A theoretician, her conceptual work has transformed the field of educational psychology, in particular through her development of the Model of Domain Learning, which took a novel approach to stages of learning in academic subjects; her groundbreaking research on learning through text; her work on relational reasoning, which is central to intelligence and relates to how people discern patterns in an informational stream; and issues of today’s society, like how a shift to digital reading affects learning.
Dr.

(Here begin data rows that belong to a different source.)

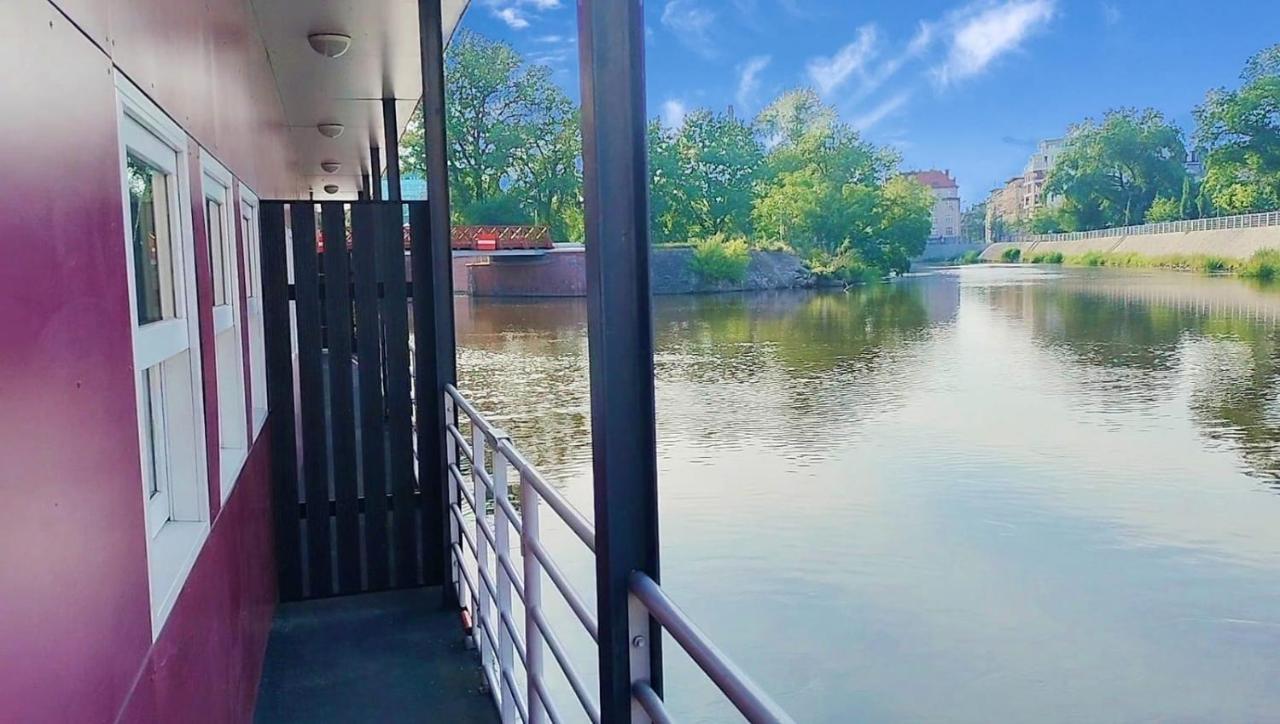 Great Polonia River Boat Apartments Wroclaw Bagian luar foto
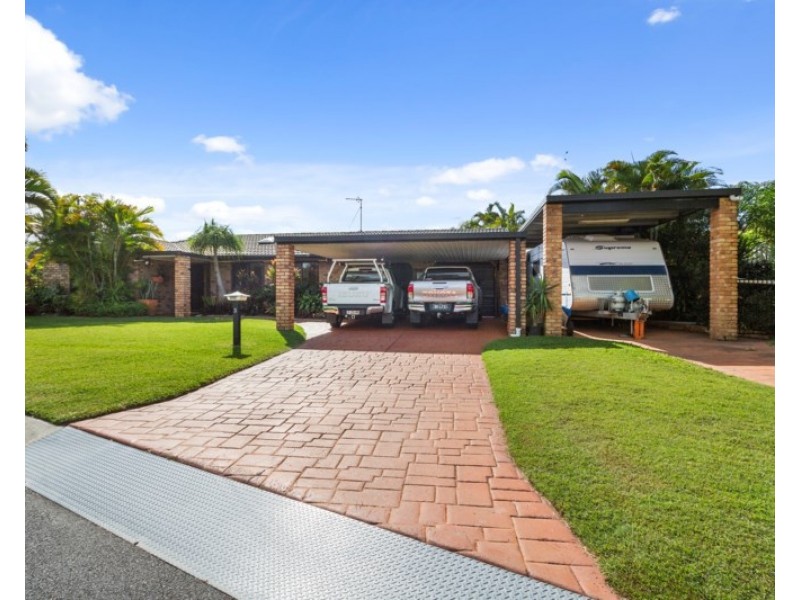 3 Boda Court, Runaway Bay QLD 4216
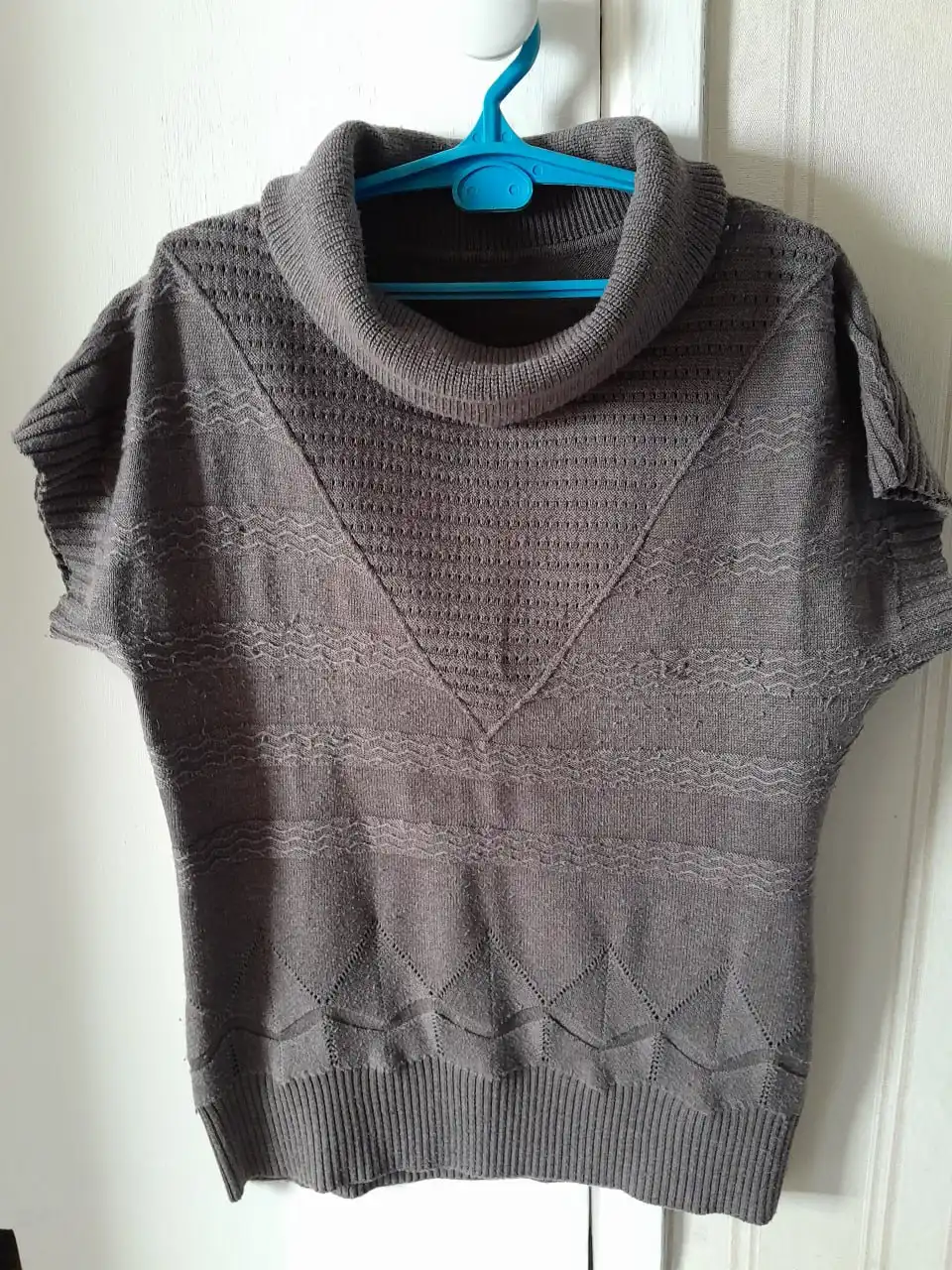 Продажа ручной работы и вязаных изделий в Саянске - Вязаные изделия (Одежда) в Саянск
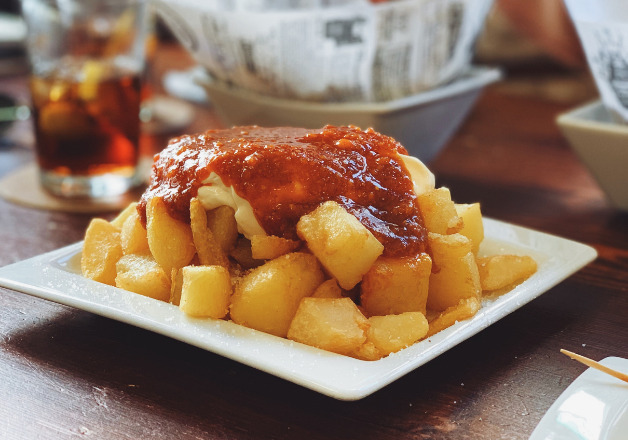 Patatas bravas spanisches Gericht mit Sauce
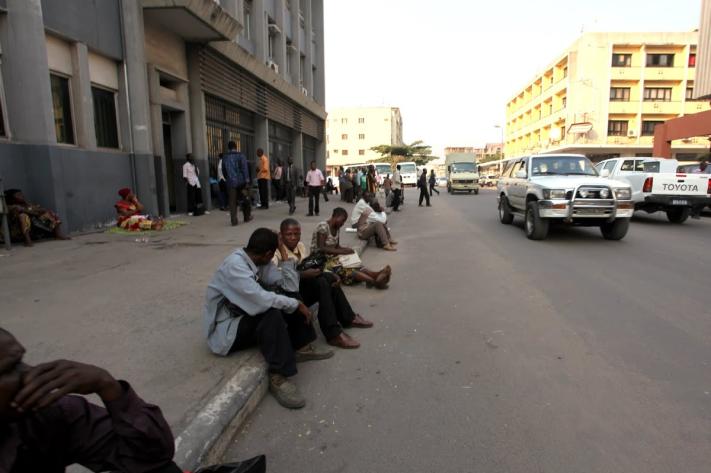 enseignants_fonctionnaires_etat_attendent_leur_salaire_a_kinshasa_26_jpg_711_473_1
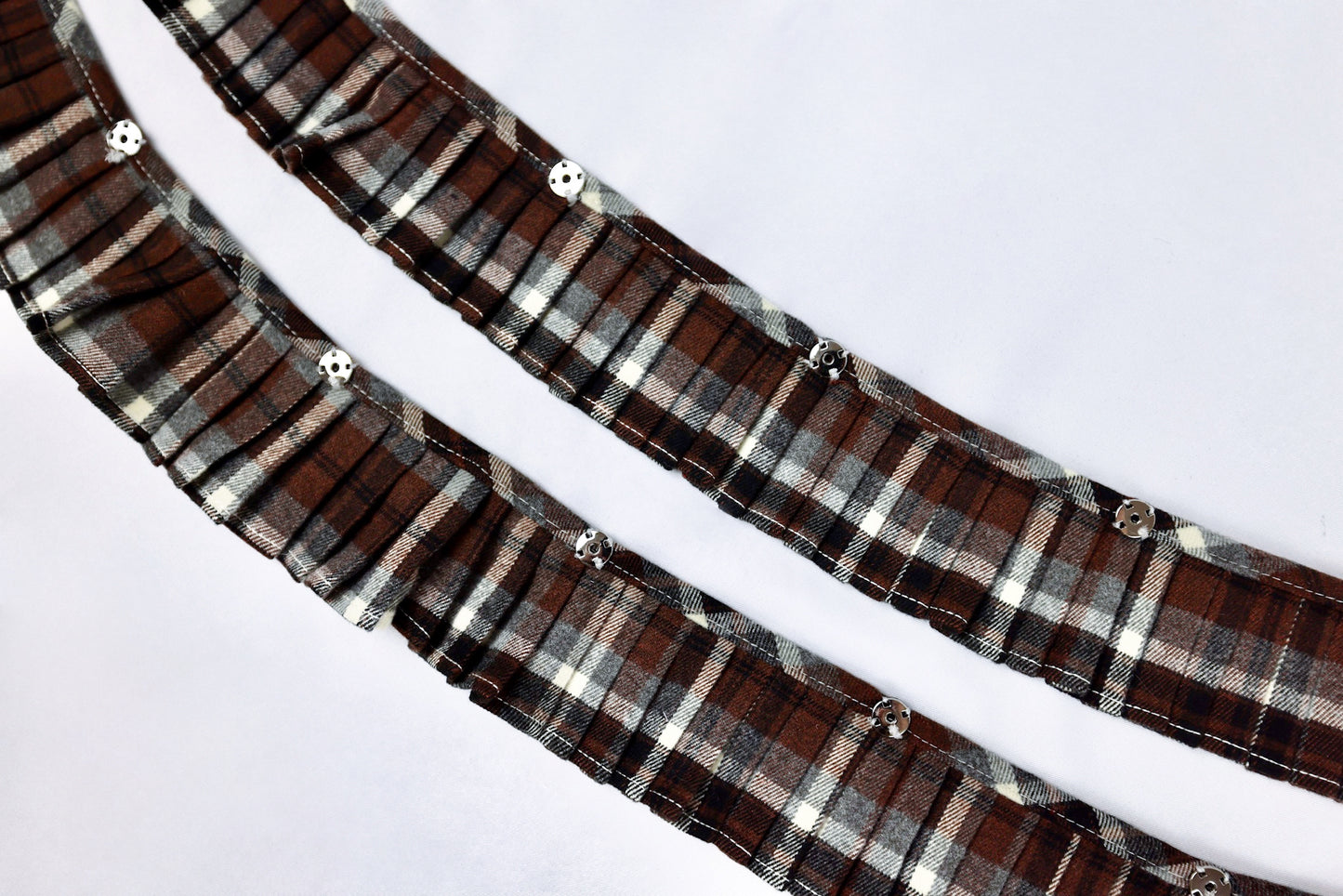 Patchy - Woolen Shorts with Burgundy Checked Trim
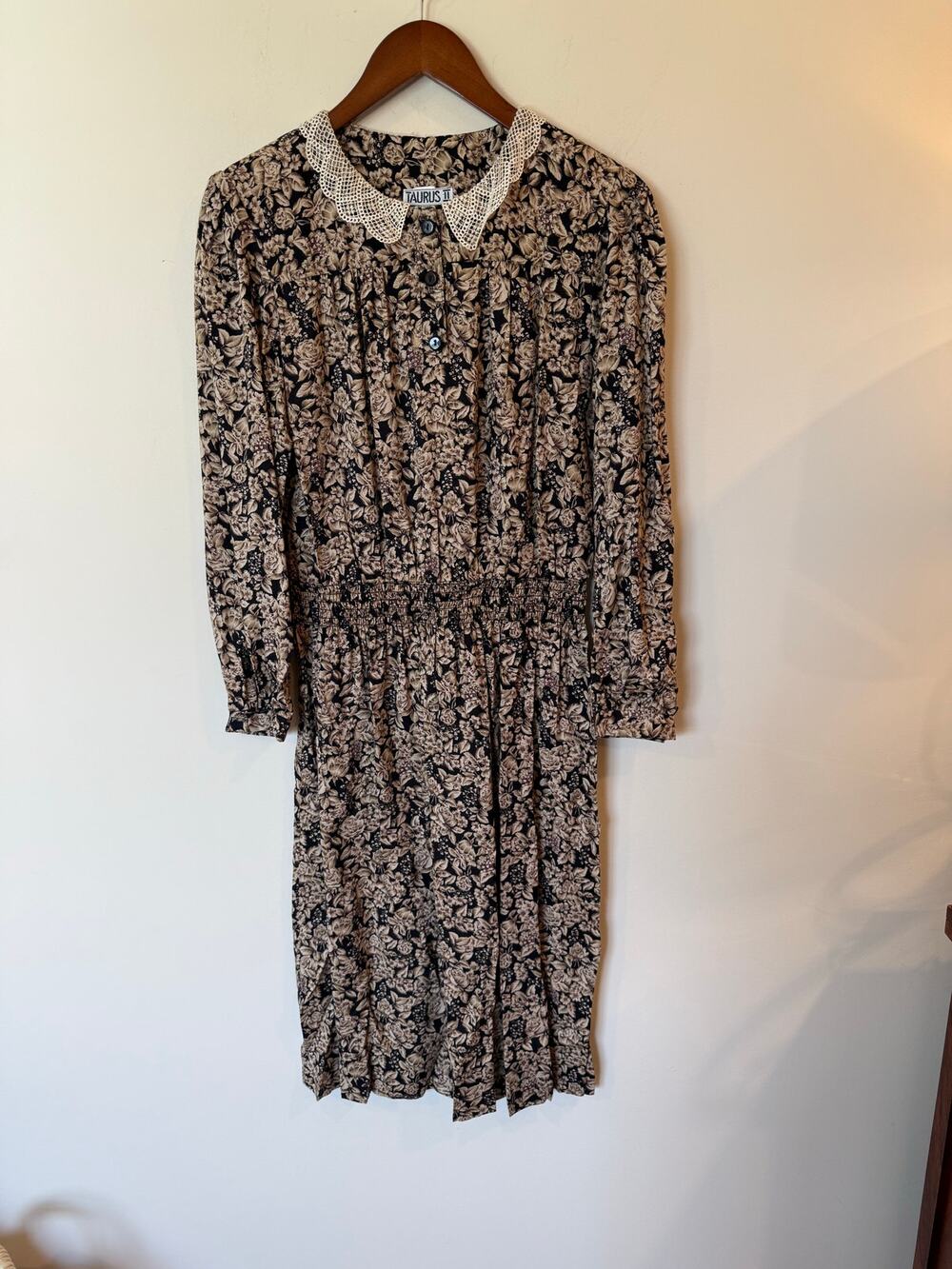 VTG Taurus II Long Sleeve Lace Trim Smocked Waist Midi Dress Floral Black 12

Alexander has also received a number of other awards and honors, including the Sylvia Scribner Award, Division C, American Educational Research Association; the Edward Lee Thorndike Award for Career Achievement in Educational Psychology, Division 15, American Psychological Association; and being elected a Fellow of the American Educational Research Association.
Extremely prolific, she has been included in lists of the most productive educational psychologists from 1991 to 2014. One of the most accomplished and impactful scholars at the university, Dr. Alexander has been widely recognized for her excellence in the field of educational psychology.
“In my view, Dr. Alexander is, and has been for the better part of nearly three decades, the undisputed leader of our field and one of the preeminent thinkers and scholars in the field of education as a whole,” wrote Gale M. Sinatra, Stephen H. Crocker Chair of Education at the Rossier School of Education, in her Distinguished University Professor nomination letter.